Hello everyone, and welcome to the 12th part of the MfE review! Keeping up the current pace, we’ll finish sometimes next week, which will clash with rehearsals. I wouldn’t necessarily mind that, but if you’d do, please tell me in the comments. I could probably do some extra reviewing on the weekend then. Now let’s move on to Israel, Georgia and Azerbaijan!
Israel: Hovi Star – Made Of Stars
After the adventures with Armenia last time, we move on to a classic Eurovision nation that has preserved a little ethnic stuff in most of their entries. Israel has ensured this homegrown touch for a long time by mandating at least partially Hebrew lyrics, which often caused their songs to be overly aggressive (2014) or extremely emotional (2013/2010), because the language doesn’t really sound too suitable for other things. Ditching it last year seems to have helped their results.
Not only a classic Eurovision nation, a classic genre too apparently. A little bit of soft yet powerful emotional male ballad for you. For my taste, this drags way too much cheese strings, to keep that wonderfully Swiss image. Only after about two minutes this gets going, and it is actually quite beautiful in its overblown emotionality. Basically, it’s an English and male version of Rak Bishvilo to me. Not that the two sound so similar, don’t get me wrong, but it’s a common slow start that goes into a crazily emotional ending. It’s more positive here though.
But what is it with Israel’s Eurovision entries and Tel Aviv?
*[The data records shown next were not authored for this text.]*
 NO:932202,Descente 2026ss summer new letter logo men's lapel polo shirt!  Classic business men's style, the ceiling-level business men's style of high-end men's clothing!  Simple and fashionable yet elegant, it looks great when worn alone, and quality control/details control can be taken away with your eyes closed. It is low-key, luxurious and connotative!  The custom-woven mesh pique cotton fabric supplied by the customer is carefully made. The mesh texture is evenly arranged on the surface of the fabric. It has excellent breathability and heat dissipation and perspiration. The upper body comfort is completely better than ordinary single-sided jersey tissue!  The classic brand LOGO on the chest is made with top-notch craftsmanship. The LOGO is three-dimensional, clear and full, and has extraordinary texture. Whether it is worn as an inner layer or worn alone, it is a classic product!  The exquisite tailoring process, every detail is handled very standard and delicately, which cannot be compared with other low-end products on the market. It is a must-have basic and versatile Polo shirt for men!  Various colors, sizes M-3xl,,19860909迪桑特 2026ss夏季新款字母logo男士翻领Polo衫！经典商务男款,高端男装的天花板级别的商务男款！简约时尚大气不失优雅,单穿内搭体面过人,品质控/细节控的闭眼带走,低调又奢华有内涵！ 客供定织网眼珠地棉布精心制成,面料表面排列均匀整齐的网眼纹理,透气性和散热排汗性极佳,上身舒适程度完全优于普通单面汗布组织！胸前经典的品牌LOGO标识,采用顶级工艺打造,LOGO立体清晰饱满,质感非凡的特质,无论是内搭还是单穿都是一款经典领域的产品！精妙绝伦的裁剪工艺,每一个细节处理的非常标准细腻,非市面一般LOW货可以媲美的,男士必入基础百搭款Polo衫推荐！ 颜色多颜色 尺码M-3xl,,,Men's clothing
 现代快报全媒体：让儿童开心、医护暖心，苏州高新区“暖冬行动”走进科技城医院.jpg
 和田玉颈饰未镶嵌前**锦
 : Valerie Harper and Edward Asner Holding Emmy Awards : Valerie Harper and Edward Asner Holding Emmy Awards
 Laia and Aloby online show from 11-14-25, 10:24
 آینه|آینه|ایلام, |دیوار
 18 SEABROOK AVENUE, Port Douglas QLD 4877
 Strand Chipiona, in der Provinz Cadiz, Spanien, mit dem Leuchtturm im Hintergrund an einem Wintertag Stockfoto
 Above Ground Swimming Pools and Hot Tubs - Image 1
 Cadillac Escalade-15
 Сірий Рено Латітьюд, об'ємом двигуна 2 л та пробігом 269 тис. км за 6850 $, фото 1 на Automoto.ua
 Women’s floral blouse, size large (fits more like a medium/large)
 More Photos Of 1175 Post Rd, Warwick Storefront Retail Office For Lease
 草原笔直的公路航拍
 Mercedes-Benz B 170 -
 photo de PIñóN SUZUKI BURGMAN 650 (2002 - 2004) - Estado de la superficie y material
I bet if they’d win they’d even hold it in Jerusalem, but reference Tel Aviv in the song again. And weirdly, we see the guy who is not Hovi finish the graffiti, then applying it, and then taking the form away when Hovi walks across the picture. Someone failed at cutting here or what? The video is incredibly generic for a song called Made Of Stars, but it looks beautiful. And I like the drones, looking like a XCOM Gremlin. There’s not really much to say about this song except that I am wondering if Hovi can pull it off on stage, but I assume he can, so I’ll rate it as the solid average it is, with 5/10.
Azerbaijan: Samra – Miracle
Azerbaijan is a rare case of a nation that had it’s best days after its debut and has recently been thrown off track (or rather didn’t bother as much anymore after their victory). So, what about Samra? Will she make Azerbaijan the Land Of Eurovision again? As keen on hosting every little event as they are, they surely should have a will to win.
Given that their glory days are over, it kinda makes sense that Azerbaijan turns to the past for this song. Unfortunately, they turned to a time where they didn’t even exist except as a Socialist Soviet Republic. Their song is surprisingly 80’s in the chorus, given that it seems to start out as a pretty average boring pop song. Well, it becomes a beefed up average boring 80’s pop song, so no big difference. It’s becoming pretty obvious now that they seem to have run out of options of Farid Mammadov or Safura level that they were always only good at selling mediocre songs (and buying Maltese televotes).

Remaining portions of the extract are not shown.